• Dataset content:
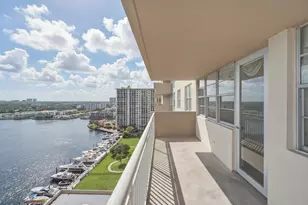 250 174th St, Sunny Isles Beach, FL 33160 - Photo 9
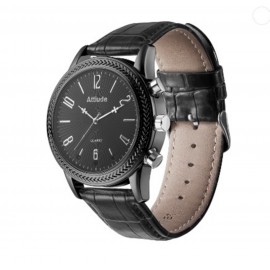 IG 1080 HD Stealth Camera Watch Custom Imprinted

* * *

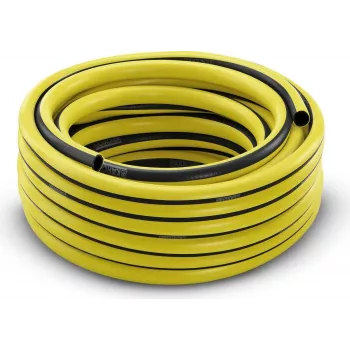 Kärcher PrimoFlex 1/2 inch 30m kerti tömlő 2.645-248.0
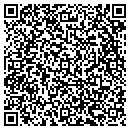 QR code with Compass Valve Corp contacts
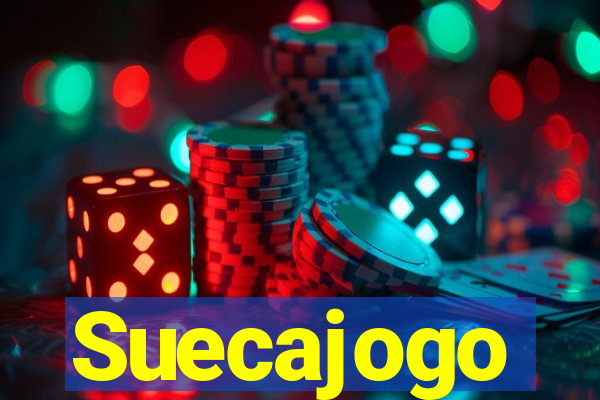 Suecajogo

• What this task involves:
Only the lines above from the one with "250 174th St, Sunny" to the one with "IG 1080 HD Stealth" should be printed, both included and exactly as written; no picture belongs in the copy.

• Response area:
 250 174th St, Sunny Isles Beach, FL 33160 - Photo 9
 IG 1080 HD Stealth Camera Watch Custom Imprinted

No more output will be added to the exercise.